ABSTRACT

Rosch (1973, 1977) has argued persuasively that color categories as well as other natural categories are not logical bounded entities in which all instances that possess a small set of critical features have equal status as category members. Rather, she maintains that color categories are internally structured into a prototype or best example with nonprototype members ordered from good to poor in terms of their similarity to the prototype. In 1975 Rosch published a series of experiments (Rosch, 1975a) designed to determine whether this prototype structure is reflected in the mental representation of color categories. She explored the structure of mental color codes using a priming paradigm in which subjects judged whether pairs of color chips were physically identical. On priming trials subjects were given the name of the appropriate color category prior to the presentation of the test pair. She reasoned that a prime can only facilitate a judgment when it activates a mental code which contains information needed to make the match. If the mental code generated to the category name corresponds to the prototype of the category, then judgments involving good members of the category (those similar to the prototype) should be facilitated more than judgments which involve poor examples of a category.
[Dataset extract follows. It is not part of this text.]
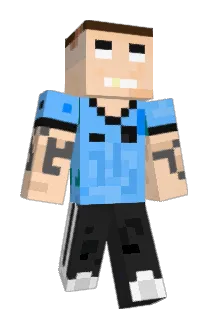 Plastiii Minecraft avatar full body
In fact, it was found that for same judgments, responses to good pairs were facilitated and responses to poor pairs inhibited when the prime was presented prior to the test pair. A replication of this basic finding is presented in Fig. 7.1. These effects were eliminated when the prime was presented simultaneously with the test pair. Thus, Rosch concluded that in response to the category name subjects generated a representation of the category prototype that contained more information in common with good than with poor members of the category. Because the prime was only effective when presented prior to the test pair, she argued that information contained in the category prototype facilitated the encoding of good members of the category rather than a later decision process.